When I am in New York, I spend time in both the village of Hastings-on-Hudson and the town of Greenburgh. It’s easy, since my New York home is in both.
Hastings-on-Hudson, population 7,849 as of the 2010 census, is located completely within the town of Greenburgh, population 88,400. Both are, in turn, part of Westchester County.
When my kids were growing up, they couldn’t cool off in the Greenburgh town pool; they had to join the Hastings pool instead. They were educated in schools that are part of the Hastings-on-Hudson Union Free School District, whose boundaries extend beyond the village itself. Some of their classmates belonged to the Greenburgh pool.
Greenburgh has a police force, but its cars never drive past my house, because Hastings-on-Hudson has a force of its own, along with a Department of Public Works that fixes streets and collects trash. Being too small to support a paid fire department, the village relies on volunteers, who do quite a good job. But, just the same, I’m glad smoke detectors and other modern improvements have reduced the frequency and consequences of house fires.
As homeowners in both Hastings-on-Hudson and Greenburgh, we pay taxes to both. Our town taxes are reduced to reflect some services that the village provides. Overall, however, we pay around three times as much in taxes, per dollar of property value, in New York as we do on our main home in Florida or our vacation home in Vermont.
As I have written here before, companies control cost by eliminating redundancy. The public sector, however, tends to be less concerned with efficiency and the economies of scale. The result, in New York and some other places, is a proliferation of tiny localities, each with its own facilities, its own staff and its own taxes.
Hastings-on-Hudson and Greenburgh are just two of more than 10,000 local jurisdictions in New York state. Efforts to reduce that number have met fierce opposition. In 2009, as attorney general, current Gov. Andrew Cuomo helped push through a law to make it easier to dissolve superfluous layers of government.
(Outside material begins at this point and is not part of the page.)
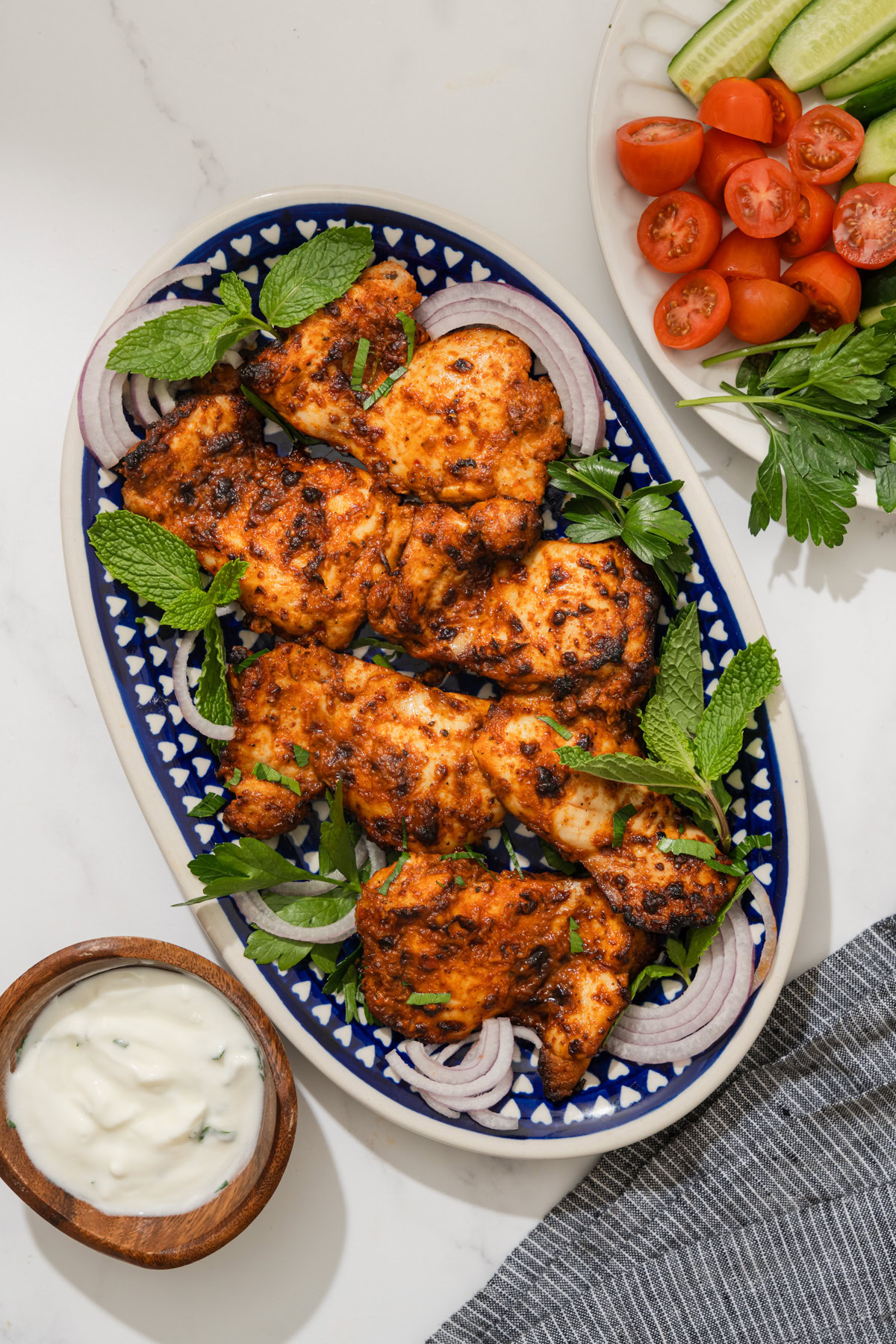 air fryer harissa chicken on a platter with yogurt sauce next to it.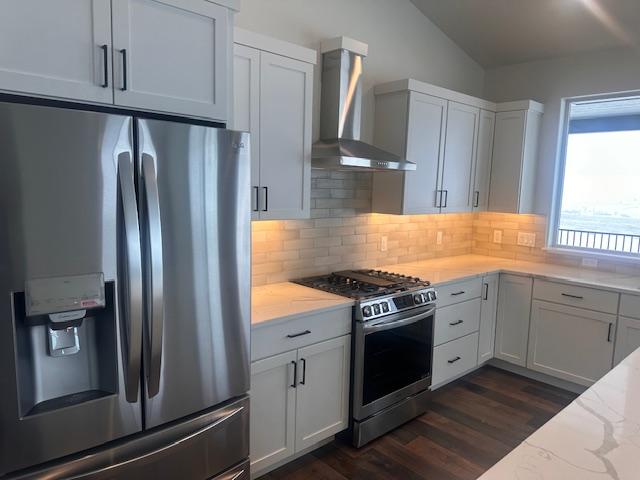 kitchen featuring white cabinets, stainless steel appliances, light stone counters, and wall chimney range hood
Under that law, called the New N.Y. Government Reorganization and Citizen Empowerment Act, 10 percent of residents or 5,000 registered voters, whichever is fewer, can force a vote on whether to consolidate or dissolve duplicate jurisdictions. But few empowered citizens have emerged to take advantage of the law.
Michigan also recently passed a law to enable citizens to do away with unnecessary municipalities. The first merger proposed under that law failed last month, with residents of the tiny Onekama Village, located on Lake Michigan, voting 139 to 86 against joining with surrounding Onekama Township.
New Jersey saw a big win for consolidation last year when neighboring Princeton Borough and Princeton Township agreed to a merger that is expected to save about $3.2 million. But other New Jersey towns have been reluctant to follow the Princetons’ example, and the state continues to be dotted by so-called “doughnut towns,” where one municipality completely surrounds another.
In all three states, governors have aggressively advocated consolidation, recognizing that the high property taxes levied to support so many municipalities are a major impediment to economic progress.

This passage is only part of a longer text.